We’ve all seen some sort of numbers or graphics depiction about how we retain what we learn. The story goes that we retain 5 percent of what we see/hear, 10 percent of what we read, 20 percent with a visual, 30 percent with a demonstration, and so on. The problem is – this is a fabrication. The root source of this information is attributed to Edgar Dale and while the cone of learning – where the hierarchy is covered — is his, it didn’t have percentages on it – and he cautioned about overly generalizing its use.

So why do we continue to see these set of numbers?  Most likely the problem is really that there hasn’t been good research studies on the effectiveness of different delivery modes in education.  There are some good reasons for this since changing the delivery mode means redoing the instructional design, and in doing so doubling the work. Further, instructional designers will have more experience with some modes than others leading to greater effectiveness at some forms of instructional design – and ultimately delivery.  That means that the instructional designer themselves may bias the results.

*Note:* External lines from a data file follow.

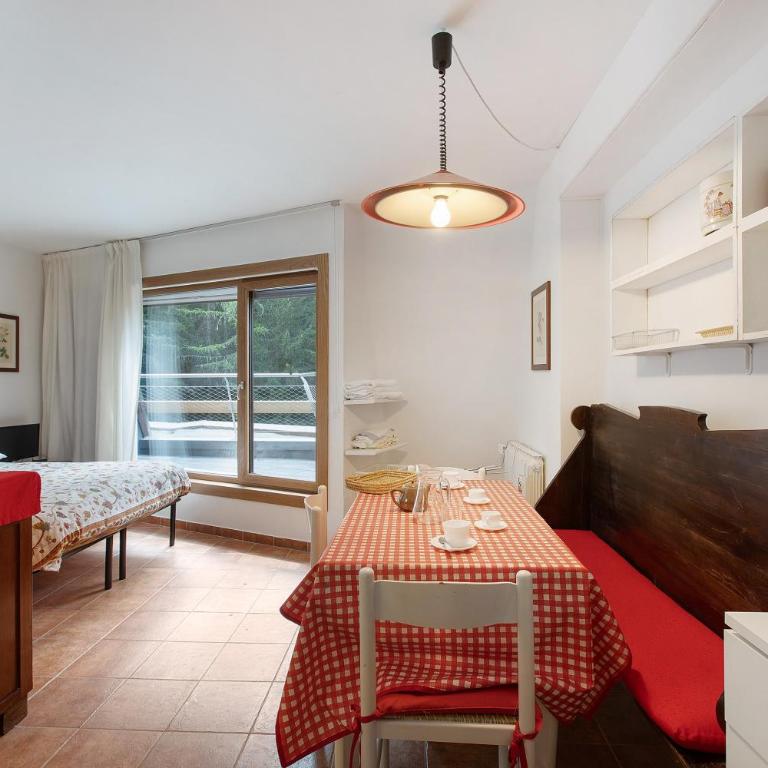Appartamenti Larice Pila - Apartamento Superior de 1 dormitorio con balcón - 14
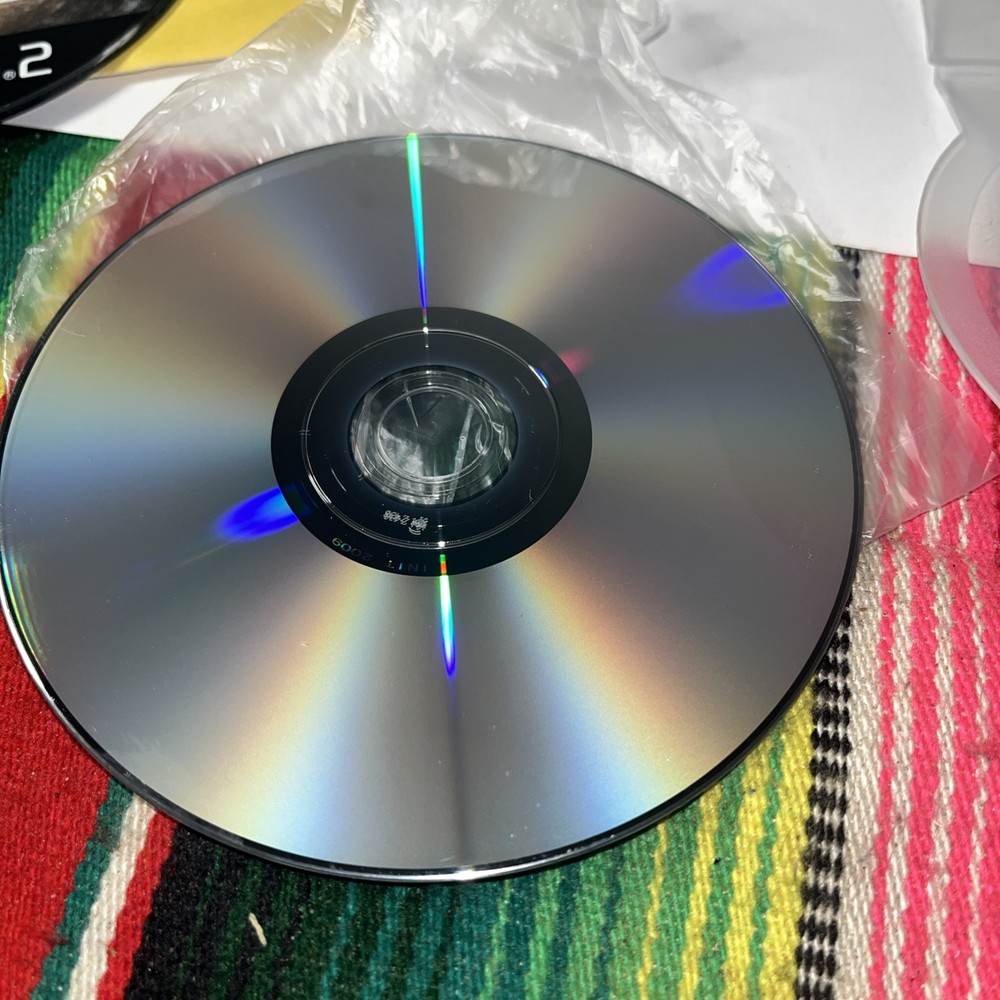 Init Installation Dvd Software Nt-TVM107 NT-TVM108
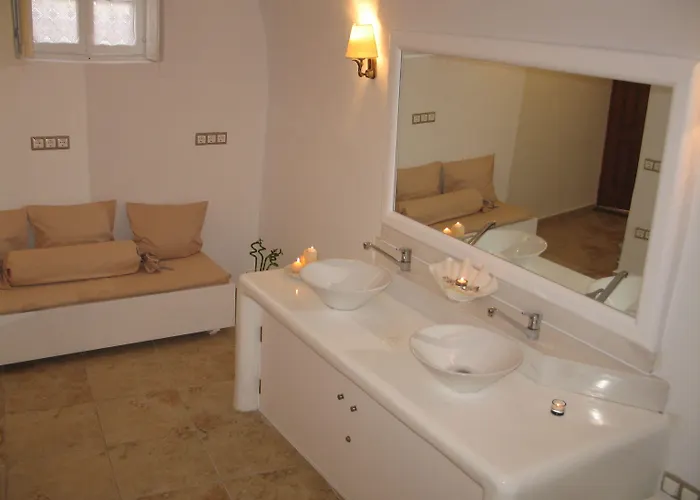 Santorini Mansion At * Ημεροβίγλι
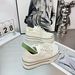 Korean Version Genuine Leather Height-Increasing Thick-Soled For Women 2025 Summer New Fashionable Versatile White With_vogvips.com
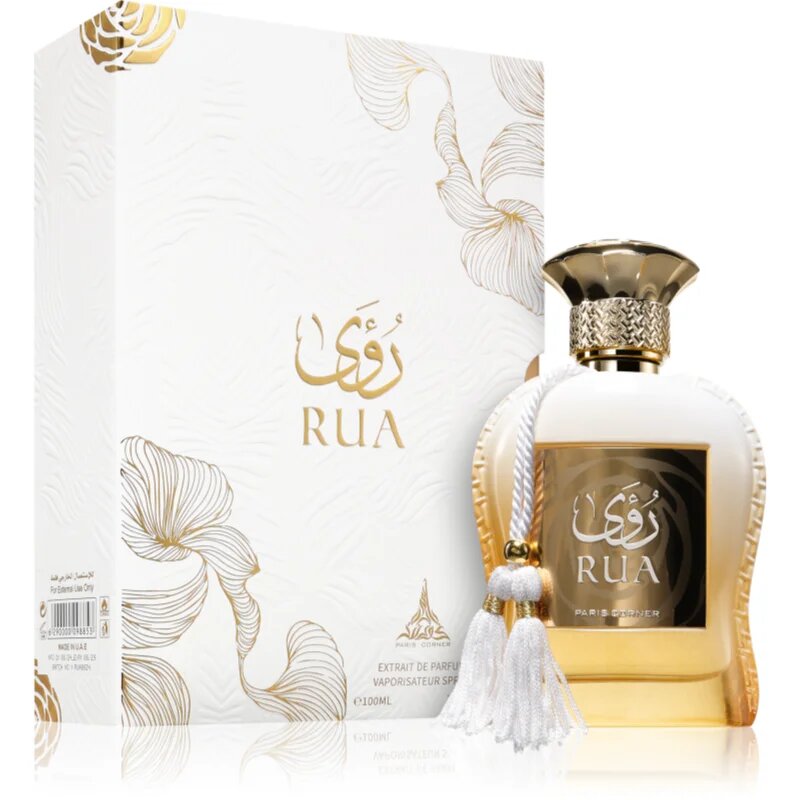 Paris Corner Rua Eau de Parfum unisex 100 ml
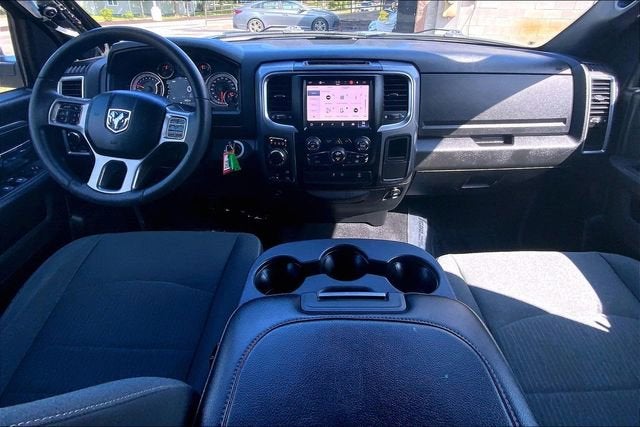 2022 RAM 1500 Classic Warlock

The other aspect is that the materials change so there’s no good way to do a direct comparison of effectiveness between two different modes – even if both modes are created by the same instructional designer.  That’s bad news when you’re trying to create a reliable study of how things differ because you have to eliminate as many extraneous variables as possible.

Of course, you have to deal with the fact that different kinds of content are more conducive to some delivery modes than others – try teaching someone how to ride a bike by writing it in text only.  Try to teach someone how to do math without written text.  So the type of message being conveyed must be isolated.